I can easily set up a Task to start Duplicati when the user logs in and then re-run this task each 15min. But with the option that the Task should only run one instance, and also that the Task should not kill the process if it runs longer than X hours.

Community Request
If anyone has experience with this, or have suggestions of why this will not work, or things that may go wrong. Please let me know.

Edit:
For those playing along. I’ve also deleted the Shortcut from: C:\ProgramData\Microsoft\Windows\Start Menu\Programs\StartUp which is responsible for starting the Duplicati Tray Icon and Server I believe. The reason being that if the Windows Task scheduler does not start the process by itself, it doesn’t see it as running. So it will continue to attempt to launch another instance, every 15min (my recurring schedule).

Edit 2:
I’ve also set Windows Task scheduler triggers to have 2. One is on the login of any user, and the other is repeating it every day and then every 15 minutes for 24hours.

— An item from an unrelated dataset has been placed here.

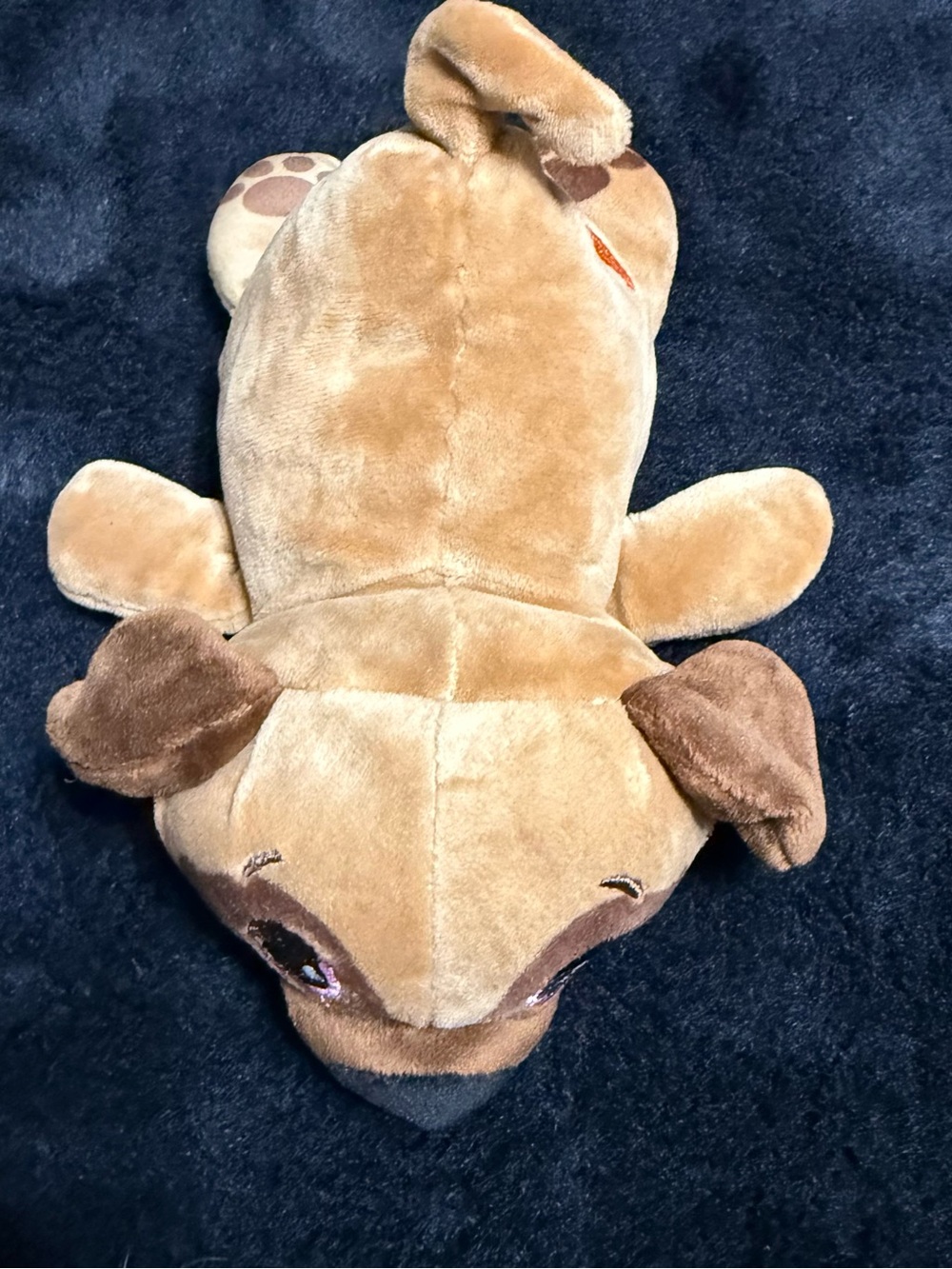 Cutetitos Tan Puppy Dog Plush Mini Stuffed Animal Soft Toy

In the past, I’ve noticed that the “on Login” trigger fails to repeat every x minutes if you enable that option.

For anyone that is interested, the log file got this far and then it just stopped. So I don’t think Duplicati has a way of logging when it fails. Also, I’m expecting that it could be because my backend FTP server is sometimes offline, as it is susceptible to power failures, and in the last few months have gone offline during backups or before backups started. But I’m not aware that Duplicati will crash if the backend is not up or dies during the process.

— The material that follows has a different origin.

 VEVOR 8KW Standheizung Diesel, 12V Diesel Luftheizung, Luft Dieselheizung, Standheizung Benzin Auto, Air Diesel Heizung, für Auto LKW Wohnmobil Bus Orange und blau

2022-03-01 01:00:18 +02 - [Profiling-Timer.Begin-Duplicati.Library.Main.Database.ExtensionMethods-ExecuteScalarInt64]: Starting - ExecuteScalarInt64: SELECT COUNT(*) FROM "FilesetEntry" WHERE "FilesetEntry"."FilesetID" = 3
2022-03-01 01:00:18 +02 - [Profiling-Timer.Finished-Duplicati.Library.Main.Database.ExtensionMethods-ExecuteScalarInt64]: ExecuteScalarInt64: SELECT COUNT(*) FROM "FilesetEntry" WHERE "FilesetEntry"."FilesetID" = 3 took 0:00:00:00.000
2022-03-01 01:00:18 +02 - [Profiling-Timer.Begin-Duplicati.Library.Main.Database.ExtensionMethods-ExecuteReader]: Starting - ExecuteReader: SELECT DISTINCT "Fileset"."ID", "Fileset"."Timestamp" FROM "Fileset", "RemoteVolume" WHERE "RemoteVolume"."ID" = "Fileset"."VolumeID" AND "Fileset"."ID" IN (SELECT "FilesetID" FROM "FilesetEntry")  AND ("RemoteVolume"."State" = "Uploading" OR "RemoteVolume"."State" = "Temporary")
2022-03-01 01:00:18 +02 - [Profiling-Timer.Finished-Duplicati.Library.Main.Database.ExtensionMethods-ExecuteReader]: ExecuteReader: SELECT DISTINCT "Fileset"."ID", "Fileset"."Timestamp" FROM "Fileset", "RemoteVolume" WHERE "RemoteVolume"."ID" = "Fileset"."VolumeID" AND "Fileset"."ID" IN (SELECT "FilesetID" FROM "FilesetEntry")  AND ("RemoteVolume"."State" = "Uploading" OR "RemoteVolume"."State" = "Temporary") took 0:00:00:00.000
2022-03-01 01:00:18 +02 - [Profiling-Timer.Begin-Duplicati.Library.Main.Operation.BackupHandler-PreBackupVerify]: Starting - PreBackupVerify
2022-03-01 01:00:18 +02 - [Profiling-Timer.Begin-Duplicati.Library.Main.BackendManager-RemoteOperationList]: Starting - RemoteOperationList
2022-03-01 01:00:18 +02 - [Information-Duplicati.Library.Main.BasicResults-BackendEvent]: Backend event: List - Started:  ()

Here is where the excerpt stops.